Shift_jis encoding issue?

Not sure what’s happening here:

I have a yml file with the following

address_1: ‘e$BOB2N;38)OB2N;3;Te(B’

I’m loading this into a structure (@test_data) and then accessing it to
insert the values into text_fields in ie through watir. So basically I’m
relying on a few thousand dependencies :0

In VIM, the value in the yml file is correct, but when I print out the
value to the cmd prompt, I get :

“\230a\211\314\216R\214\247\230a\211\314\216R\216s”

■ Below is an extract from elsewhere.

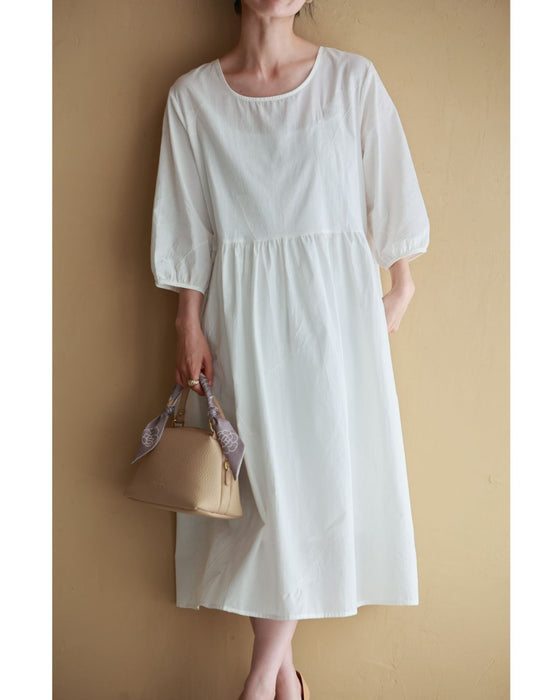 柔らかく羽刺繍が浮かぶミディアムワンピース(インナー付き)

Which looks like a classic encoding issue (using 3 byte rather than 2 or
vice-versa).

Given that Ruby hails from Japan, I’d have thought that someone has seen
something similar to this and would have a work-around/solution.
Googling hasn’t provided me with anything so far. Right now I’m not sure
if this is a YAML/Syck issue, a Ruby issue, a or Windows issue. I have
installed the Japanese laguage pack on windows and all the text from the
server is displayed correctly in IE, so my guess is that Windows is
configured correctly. As I mentioned, VIM is displaying the text
correctly, so it seems to be saved to the file-system using the correct
encoding, but after reading using YAML it doesn’t appear to be using the
same encoding…

I’ve just tried require ‘jcode’ to see if this resolves it - so far no
luck

Any help greatly appreciated

Thanks
KEv

Ok, some more info:

$KCODE = ‘SHIFT_JIS’
require ‘jcode’

semi-works!

I can print the correct value out to the cmd prompt with a simple:
p @test_data[‘pg_401’][‘address_1’]

However with:
@@ie.text_field(:id,
@test_data[‘pg_401’][‘address_1_field’]).set(@test_data[‘pg_401’][‘address_1’])

I’m getting garbage. Now I’ve just tested copy/paste manually into ie
and that works fine, so it looks like YAML/Syck is off the hook and now
it seems to be more of a Watir problem.